§ GIVEN DATA

=== Section Start ===

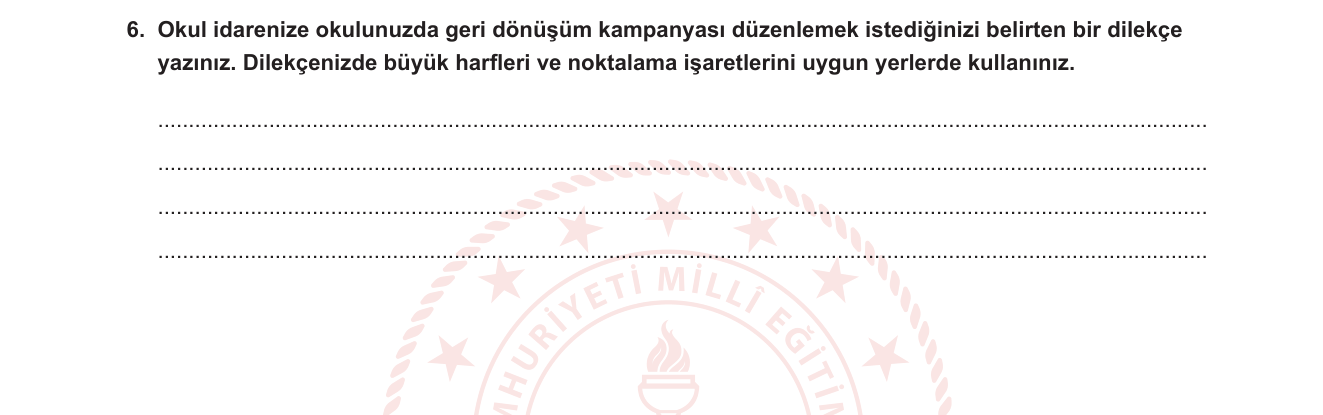 Türkçe sorusu 26 — 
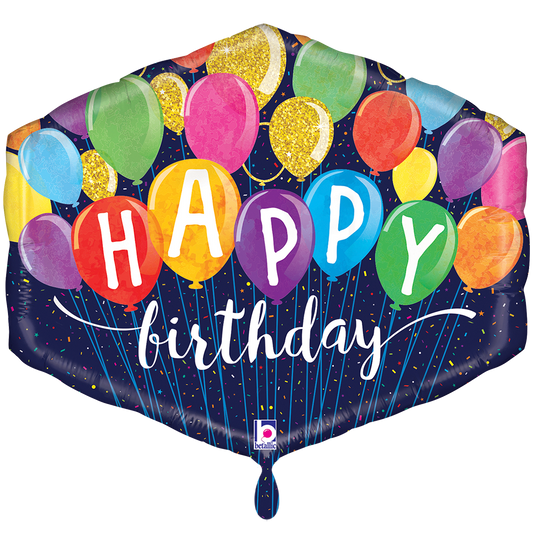 1 Balloon XXL - Festive Birthday Balloons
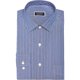 thumbnail image 1 of Club Room - Camisa de vestir con botones a rayas para hombre, color azul marino, 15,5, 1 of 1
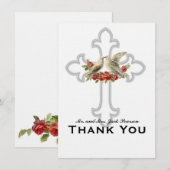 Lovebirds Red Roses gepersonaliseerd Dank u Bedankkaart (Voorkant / Achterkant)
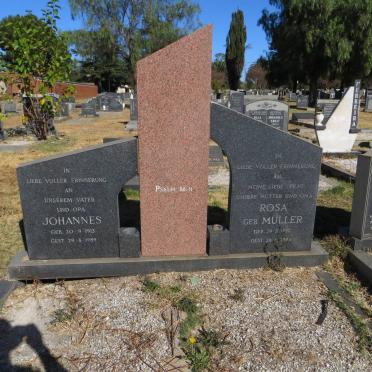 ? Johannes 1913-1989 &amp; Rosa MULLER 1915-1984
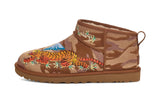 Palace x UGG Classic Ultra Mini Boot Chestnut Camo - Aplug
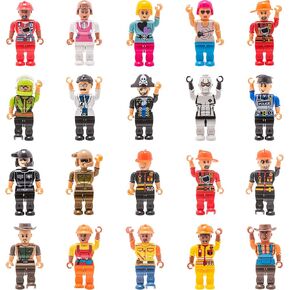 20 Mini Toy Figure Toys - Set for Christmas Stocking Stuffers, X-mas Gifts for Kids, Assortment of Boys and Girls Figurines for Birthday Party Favors, Minifigures, Xmas Toys Figures.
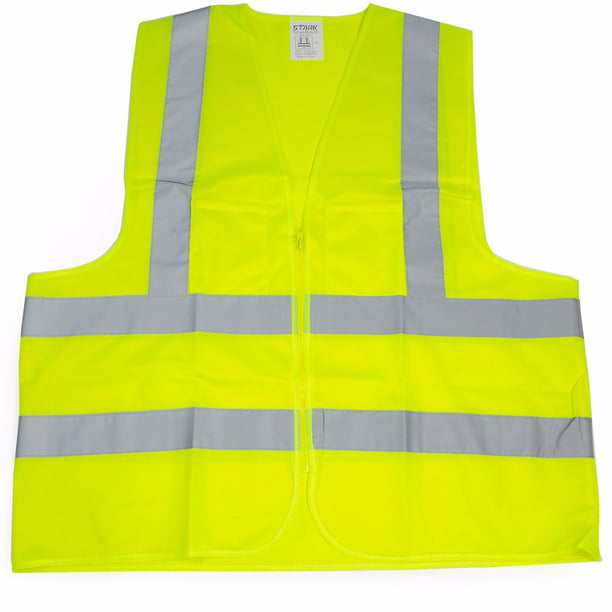 Neon Blue Color with Yellow Trimming JKSafety 3 Pockets Hi-Vis PPE Zipper Front Reflective Safety Vest MESH Lite 99-Blue , XX-Large Meets ANSI/ISEA Standards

=== Section End ===

§ ACTIVITY
Write out the whole listing exactly, and drop the pictures.

§ WRITTEN SOLUTION
 Türkçe sorusu 26 — 
 1 Balloon XXL - Festive Birthday Balloons
 thumbnail image 1 of Club Room - Camisa de vestir con botones a rayas para hombre, color azul marino, 15,5, 1 of 1
 Lovebirds Red Roses gepersonaliseerd Dank u Bedankkaart (Voorkant / Achterkant)
 ? Johannes 1913-1989 &amp; Rosa MULLER 1915-1984
 Palace x UGG Classic Ultra Mini Boot Chestnut Camo - Aplug
 20 Mini Toy Figure Toys - Set for Christmas Stocking Stuffers, X-mas Gifts for Kids, Assortment of Boys and Girls Figurines for Birthday Party Favors, Minifigures, Xmas Toys Figures.
 Neon Blue Color with Yellow Trimming JKSafety 3 Pockets Hi-Vis PPE Zipper Front Reflective Safety Vest MESH Lite 99-Blue , XX-Large Meets ANSI/ISEA Standards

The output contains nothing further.